In addition to reading actual shark science, we will discuss a selection of representations of shark scientists in fiction and nonfiction, from what could be labeled "the original shark documentary," Blue Water, White Death (1971) and both the Jaws novel (1974) and film to postcolonial examples such as Kojo Laing's Big Bishop Roko and the Altar Gangsters (2006) to trashy rollercoaster rides such as Steve Alten's Meg (1997), and reality television shows such as Shark Wranglers (2012).

Of course, we cannot disentangle the representation of shark scientists from their Other, sharks, which is why we will also explore sharks as material bodies and representations in this undergraduate seminar.

This seminar will be online.
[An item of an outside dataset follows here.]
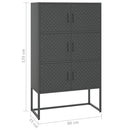 vidaXL antracitszürke acél magasszekrény 80 x 35 x 135 cm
There will be a few weeks of input via video presentations (and quizzes based on the video presentations) at the start of the semester before we will get together to discuss the novels, films, etc.
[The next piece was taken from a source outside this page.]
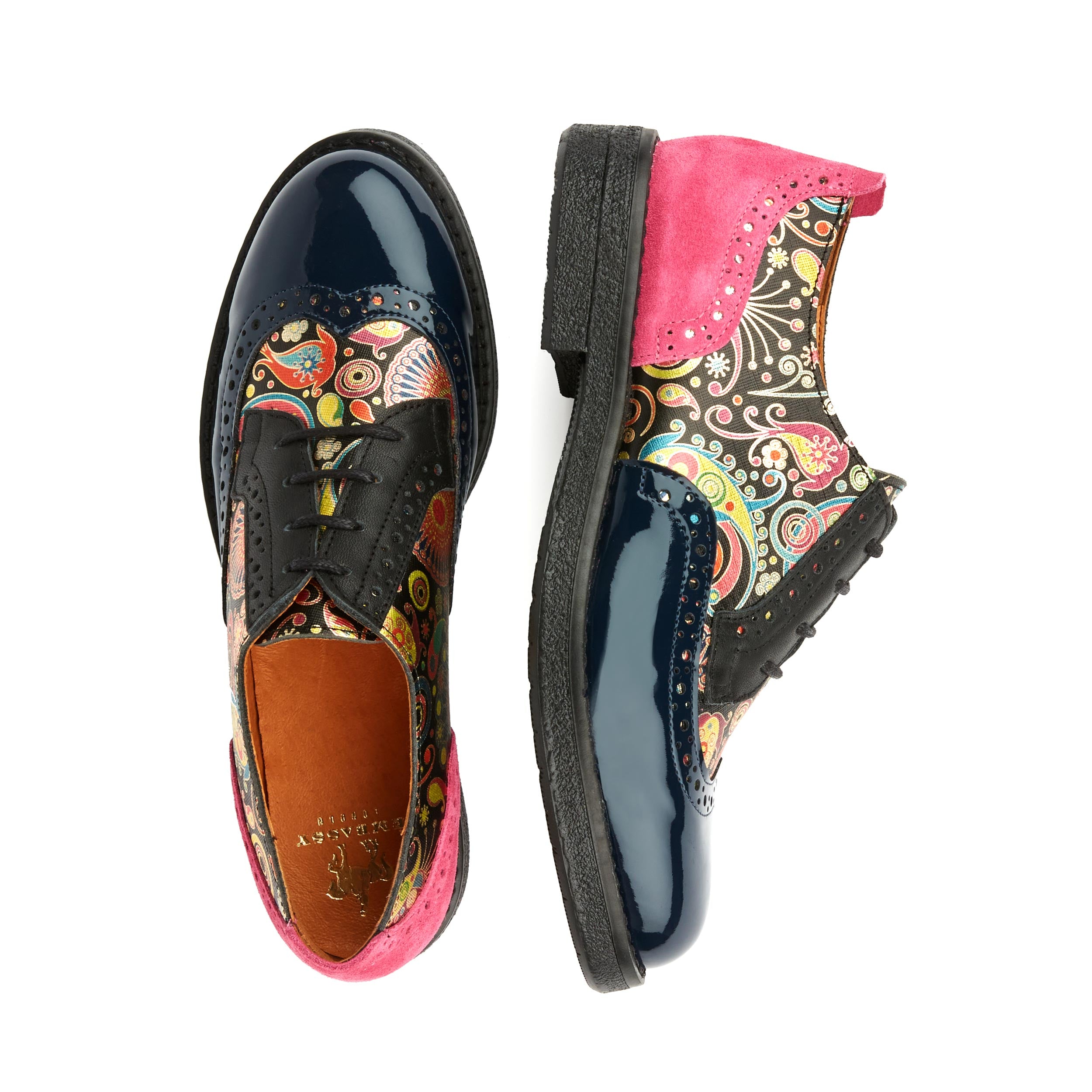 The Artist - Navy Pink - Womens leather shoe with wingtip and brogue design detail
You may participate either synchronously or asynchronously (you may also switch on a weekly basis). Groups for synchronous participation will meet on Mondays, 2pm, and Fridays, 9am. You may join either group. These weekly meetings won't start before November.

You will need to collect 50 (of 100) points during the term to have "participated actively," which you need to qualify for the "Prüfungsleistung."

Admission settings

The course is part of admission "Anmeldung gesperrt (global)".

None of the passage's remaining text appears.